Garcia-Marquez, M. A., Shimabukuro-Vornhagen, A., Theurich, S., Kochanek, M., Weber, T., Wennhold, K., et al. (2014). A multimerized form of recombinant human CD40 ligand supports long-term activation and proliferation of B cells. Cytotherapy, 16(11), 1537-44. doi:10.1016/j.jcyt.2014.05.011.
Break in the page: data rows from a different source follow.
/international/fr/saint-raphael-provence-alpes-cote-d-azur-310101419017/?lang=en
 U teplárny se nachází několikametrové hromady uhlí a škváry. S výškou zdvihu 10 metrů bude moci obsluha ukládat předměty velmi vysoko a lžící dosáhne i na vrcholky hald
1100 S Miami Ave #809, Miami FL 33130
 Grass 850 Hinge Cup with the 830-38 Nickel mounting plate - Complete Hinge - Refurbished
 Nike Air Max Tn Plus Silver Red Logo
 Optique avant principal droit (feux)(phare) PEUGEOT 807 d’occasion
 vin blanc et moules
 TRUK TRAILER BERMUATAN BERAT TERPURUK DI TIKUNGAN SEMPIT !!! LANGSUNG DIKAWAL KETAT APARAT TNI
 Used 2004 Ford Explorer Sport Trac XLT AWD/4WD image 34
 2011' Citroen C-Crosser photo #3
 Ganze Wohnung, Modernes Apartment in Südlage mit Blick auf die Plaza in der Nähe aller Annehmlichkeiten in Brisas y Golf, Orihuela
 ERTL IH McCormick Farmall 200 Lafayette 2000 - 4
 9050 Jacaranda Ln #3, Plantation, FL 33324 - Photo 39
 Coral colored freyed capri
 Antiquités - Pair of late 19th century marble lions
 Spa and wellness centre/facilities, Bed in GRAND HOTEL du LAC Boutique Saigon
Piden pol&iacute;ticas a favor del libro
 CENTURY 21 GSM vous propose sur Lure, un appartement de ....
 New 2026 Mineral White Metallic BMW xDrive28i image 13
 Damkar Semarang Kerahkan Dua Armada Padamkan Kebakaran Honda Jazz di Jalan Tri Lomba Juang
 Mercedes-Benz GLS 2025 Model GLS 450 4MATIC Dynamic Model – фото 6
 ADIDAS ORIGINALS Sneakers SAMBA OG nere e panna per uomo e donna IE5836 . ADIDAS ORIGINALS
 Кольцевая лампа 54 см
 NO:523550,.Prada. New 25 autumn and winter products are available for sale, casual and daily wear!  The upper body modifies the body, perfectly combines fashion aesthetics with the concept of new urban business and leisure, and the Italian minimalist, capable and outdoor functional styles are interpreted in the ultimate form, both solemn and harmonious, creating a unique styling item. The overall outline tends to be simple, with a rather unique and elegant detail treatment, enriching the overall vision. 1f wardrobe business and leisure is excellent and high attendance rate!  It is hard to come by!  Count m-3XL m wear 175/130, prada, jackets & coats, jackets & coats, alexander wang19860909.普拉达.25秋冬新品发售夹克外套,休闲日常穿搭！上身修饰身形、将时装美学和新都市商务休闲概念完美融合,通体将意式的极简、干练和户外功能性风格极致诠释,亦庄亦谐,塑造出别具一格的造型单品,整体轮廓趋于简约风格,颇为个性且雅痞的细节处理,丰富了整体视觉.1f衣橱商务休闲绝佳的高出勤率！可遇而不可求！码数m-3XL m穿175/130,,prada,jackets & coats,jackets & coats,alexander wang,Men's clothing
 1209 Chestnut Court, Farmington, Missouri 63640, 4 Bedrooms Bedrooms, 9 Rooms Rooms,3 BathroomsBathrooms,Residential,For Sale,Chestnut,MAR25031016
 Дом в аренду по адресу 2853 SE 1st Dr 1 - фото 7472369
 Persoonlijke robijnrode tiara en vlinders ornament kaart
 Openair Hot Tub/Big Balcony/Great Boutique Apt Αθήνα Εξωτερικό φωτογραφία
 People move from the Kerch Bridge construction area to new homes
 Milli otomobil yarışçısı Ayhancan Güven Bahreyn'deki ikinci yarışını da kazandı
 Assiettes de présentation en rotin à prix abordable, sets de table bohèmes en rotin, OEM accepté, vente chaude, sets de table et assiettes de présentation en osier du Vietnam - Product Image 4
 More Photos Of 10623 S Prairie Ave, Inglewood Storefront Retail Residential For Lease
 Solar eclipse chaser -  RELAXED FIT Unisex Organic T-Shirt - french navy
Cite as: http://hdl.handle.net/11858/00-001M-0000-0028-58E2-F
Abstract
BACKGROUND AIMS: CD40-activated B cells have long been studied as potent antigen-presenting cells that can potentially be used for cancer immunotherapy. Nevertheless, their use in human clinical trials has been limited by the lack of a Good Manufacturing Practice-grade soluble human CD40 ligand that is able to induce activation and proliferation of primary B cells. We describe an in vitro method to effectively generate and expand B cells through the use of a multimerized form of human recombinant CD40 ligand (rCD40L). METHODS: Human B cells were isolated from healthy donors and cultivated with either rCD40L or on a monolayer of murine NIH3T3 cells stably expressing human CD40L (NIH3T3/tCD40L) as a widely used standard method. Morphology, expansion rate, immune phenotype and antigen presentation function were assessed. RESULTS: B cells efficiently proliferated in response to rCD40L over 14 days of culture in comparable amounts to NIH3T3/tCD40L. B-cell division in response to CD40L was also confirmed by carboxyfluorescein succinimidyl ester dilution. Moreover, rCD40L induced on B cells upregulation of co-stimulatory molecules essential for antigen presentation. Additionally, proliferation of T cells from allogeneic healthy volunteers confirmed the immunostimulatory capacities of CD40-activated B cells. CONCLUSIONS: We demonstrated that B cells with potent antigen presentation capacity can be generated and expanded by use of a non-xenogeneic form of CD40L that could be implemented in future human clinical settings.